For the benefit of newly-arrived extra-terrestrials, Sen. Fletcher is the Minister for Public Service, Information and Broadcasting, Sustainable Development, Energy, Science and Technology. Quite a mouthful, right?

When I switched on my TV, he was praising his staff, whom he said were the hardest workers. “The ministry of information and broadcasting staff,” he said, “these are the hardest working staff.” (Is there a pay rise around the corner?)

He went on to underscore his point with the assertion that when public officers like himself travel, they hardly find time to enjoy the foreign scenery. He saw the cost of around half a million EC as money well spent which should not be cut.

With his multiplicity of portfolios, the senator needed another thirty minutes and was allowed requested extra time. He then went on about the digitisation centre, government’s web portal, the training of public officers, climate change, PBX systems and the topic of the day—diabetes and the removal of government subsidies on sugar.

Finally he came to the generally confusing issue of GIS, NTN and NBS. But this is what really grabbed my attention. “GIS,” he said, “the transition is taking place,” though “not as quickly and as smoothly” as he would like. GIS had some resource
constraints “but in some areas where we have deployed officers we are seeing very positive results.”

Among those “areas” was the office of the prime minister. I must mention here that a cameraman representing the office of the prime minster was indeed in attendance at the regional leadership forum last Thursday evening.

The topic? “Crime Reduction Strategies and Democratic Policing: Respect for Community and Human Rights.”

There was also a team from the “hard-working” GIS. A total of four: a driver, a technician, a reporter and another cameraman.

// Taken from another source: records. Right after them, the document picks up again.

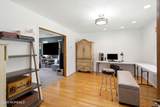 2 Persimmon Drive - Photo 17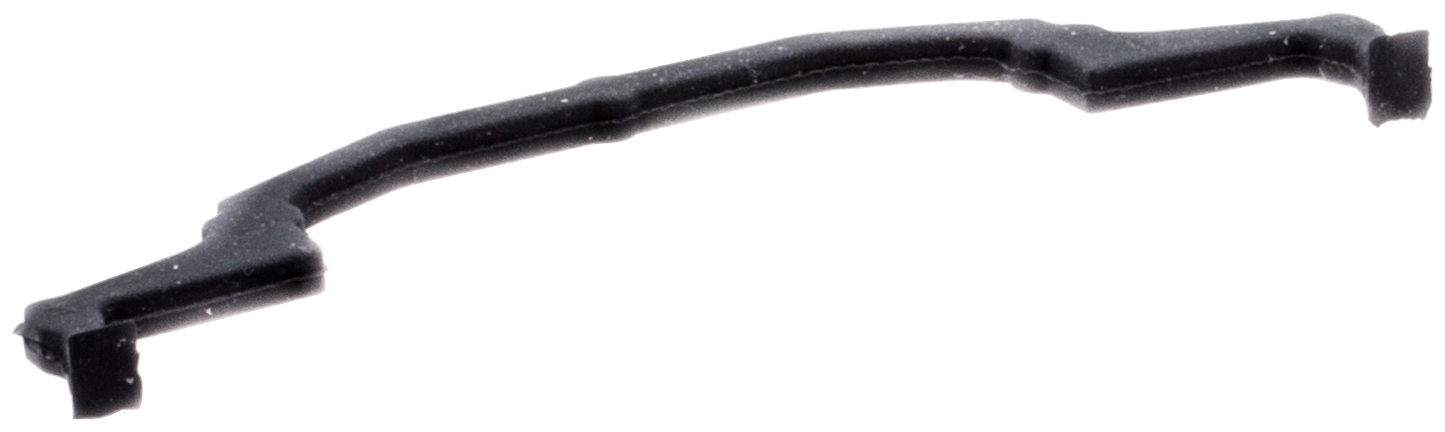 HUSQVARNA GASCET - 537245801 / 537 24 58-01
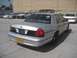 2000 Ford Crown Victoria - Here is a shot of the car the day before I got it.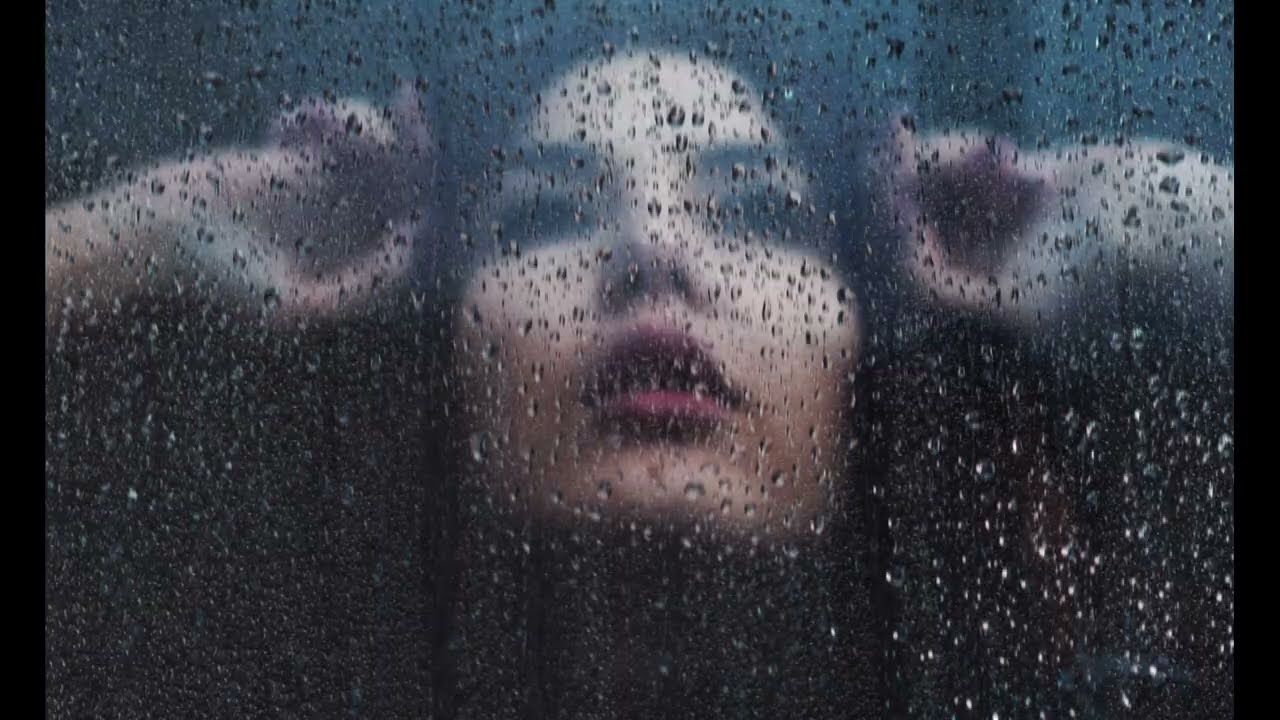 Fragile e feroce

The purpose of the tax-funded five government information workers? To record the opening address by the prime minister. More on that later!

Of course for that obvious duplication of effort, taxpayers will have to fork out overtime. The evening’s activity started at 6:30 pm. I asked the cameraman from the office of the prime minister what was his assignment. He said he was recording the event “for a YouTube channel and other social media outlets.”

And we thought that particular Rosemary’s Baby was strictly Jadia’s.

Mind you, both the GIS staffers and the cameraman from the office of the prime minister are housed at the Hewanorra Building at Pointe Seraphine.

So much for the government’s cost-cutting measures and proposals to the Unions.

1 COMMENT

  1. I think that a survey must be undertakenby the press or some other entity to determine how much of taxpayer’s money is spent on just promotion, advertisments and speeches of politicians in office. Compared with what is actually spent in the actual advertisment promotion of the country. Politicians say that the two can’t be isolated. I differ from that opinion.